Exercise data
■ ■ ■

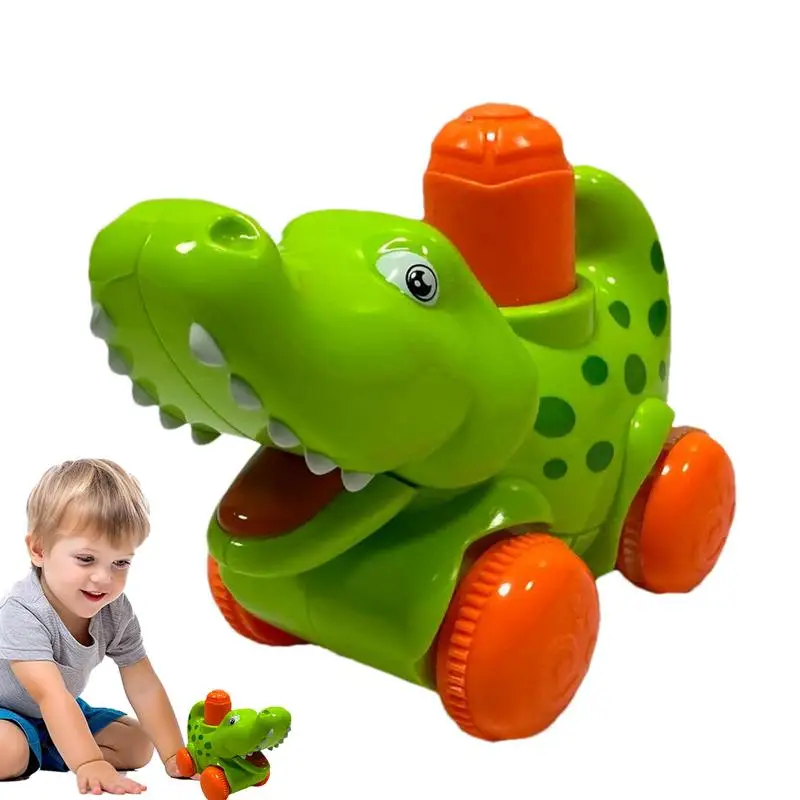 Small Toy Car Interactive Green Animal Toy Kids Outdoor Toys Learning Toy Press Forward Crocodile Car Toy For Birthday Holiday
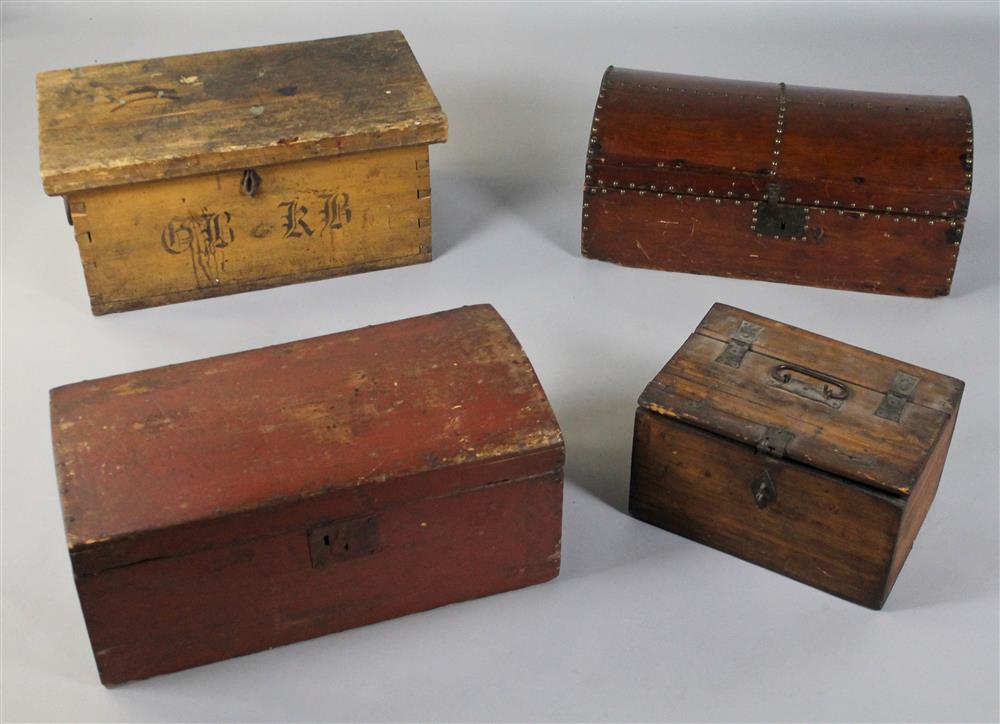 Appraisal: FOUR ASSORTED SMALL WOOD CHESTS each in original state the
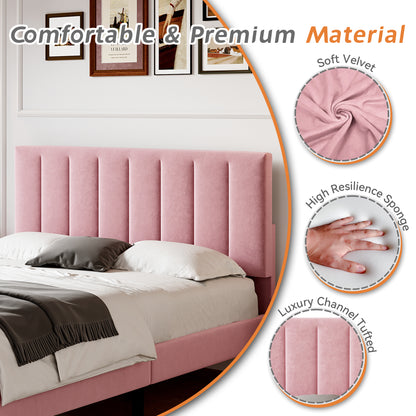 Pink upholstered headboard with comfort and material features highlighted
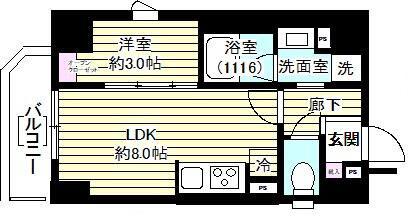 レガシア御茶ノ水(1LDK/2階)の間取り写真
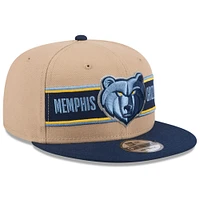 Men's New Era Tan/Navy Memphis Grizzlies 2024 NBA Draft 9FIFTY Snapback Hat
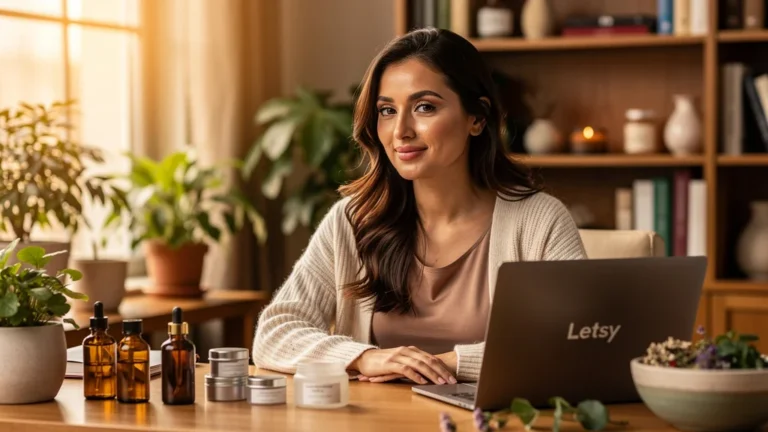 Portrait réaliste d'une rédactrice beauté naturelle femme 37 ans en bureau avec produits Letsy lumineux
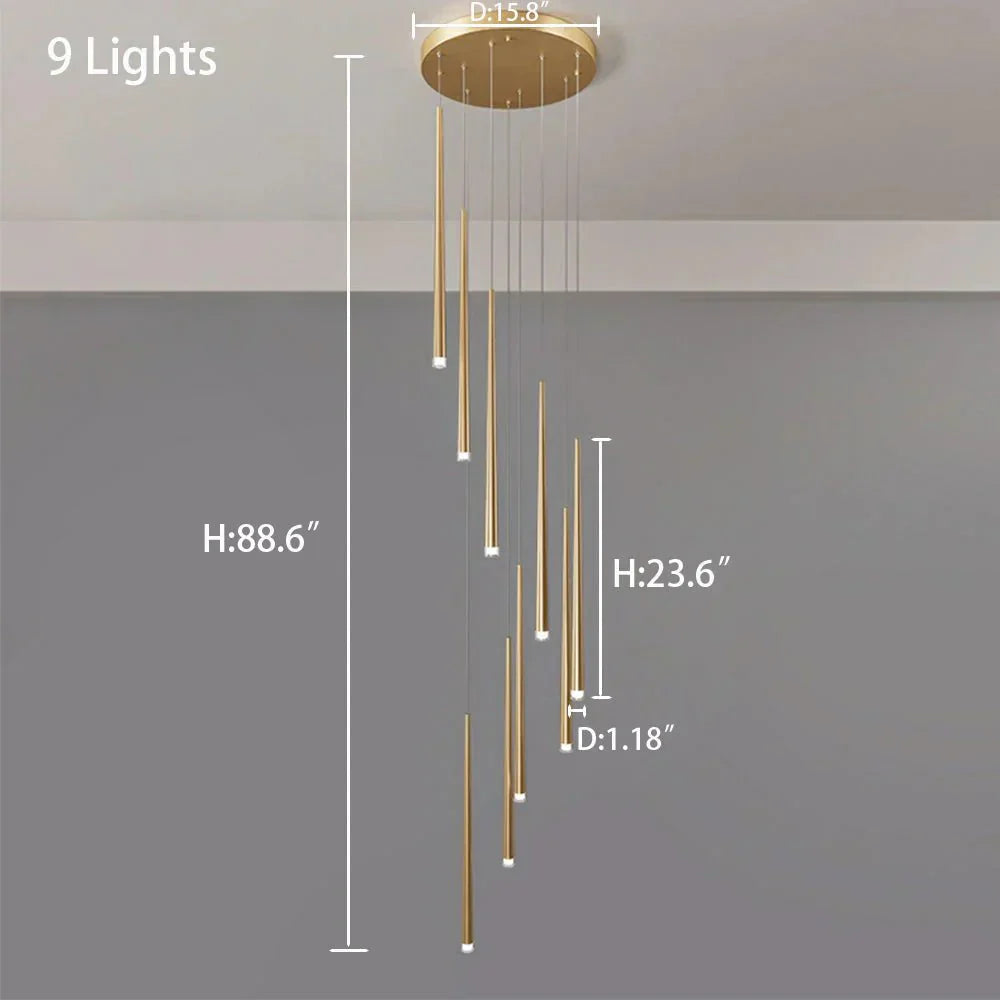Minimalism Foyer Staircase Chandelier Ceiling Pendant Lighting Fixture For Living Room Entryway In Gold/ Black Finish - Arialamps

■ ■ ■

Task
Set the lines above down again, word for word, from the first through the one containing "Portrait réaliste d'une"; pictures excluded.

Reply
 Small Toy Car Interactive Green Animal Toy Kids Outdoor Toys Learning Toy Press Forward Crocodile Car Toy For Birthday Holiday
 Appraisal: FOUR ASSORTED SMALL WOOD CHESTS each in original state the
 Pink upholstered headboard with comfort and material features highlighted
 レガシア御茶ノ水(1LDK/2階)の間取り写真
 Men's New Era Tan/Navy Memphis Grizzlies 2024 NBA Draft 9FIFTY Snapback Hat
 Portrait réaliste d'une rédactrice beauté naturelle femme 37 ans en bureau avec produits Letsy lumineux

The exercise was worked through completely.